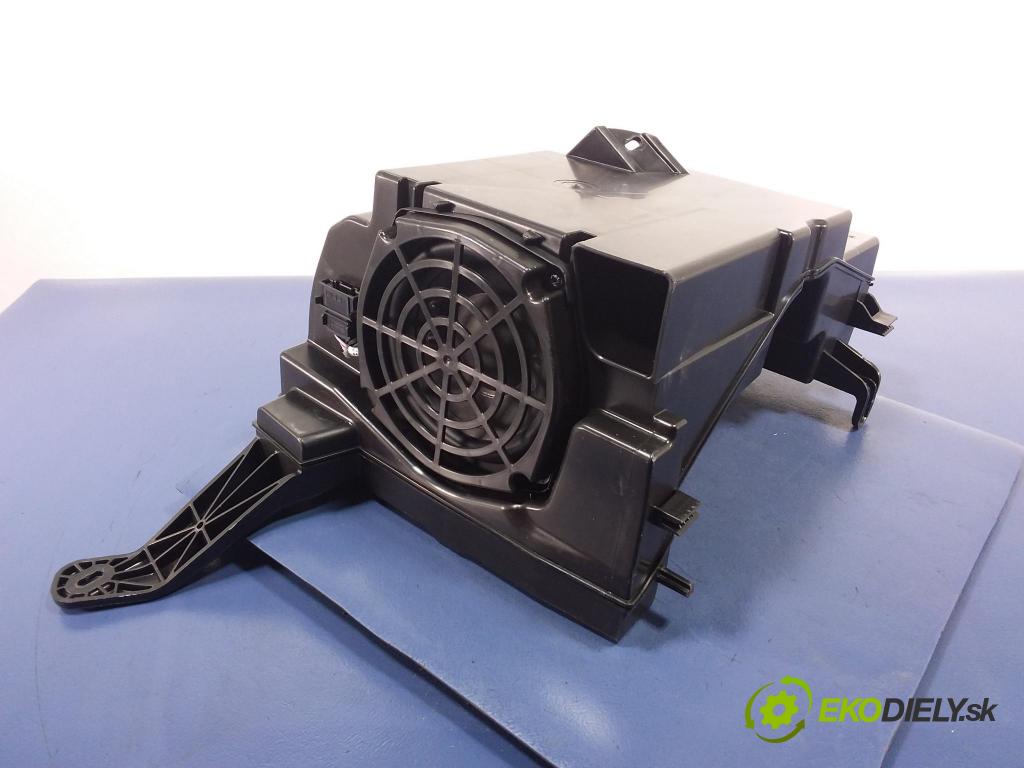 Skoda Superb 2016 Rečník: / Subwoofer: 3V0035412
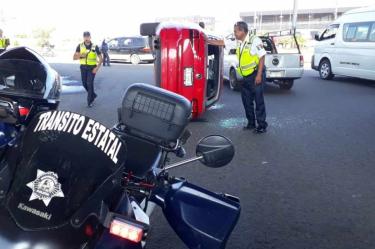 Transportistas voltean auto Uber en Morelia 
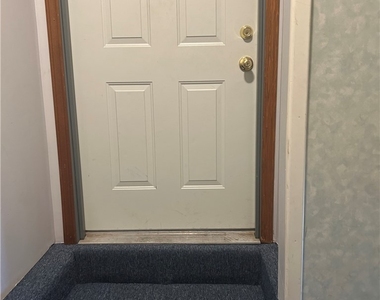 825 Payne Avenue - Photo Thumbnail 13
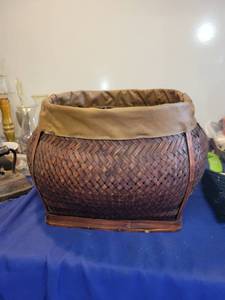 lot 1126 image: 10 by 12 wicker basket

AIM OF THE EXERCISE: Would you give the data above again word for word, skipping any images?

ANSWER AREA:
 Skoda Superb 2016 Rečník: / Subwoofer: 3V0035412
 Transportistas voltean auto Uber en Morelia 
 825 Payne Avenue - Photo Thumbnail 13
 lot 1126 image: 10 by 12 wicker basket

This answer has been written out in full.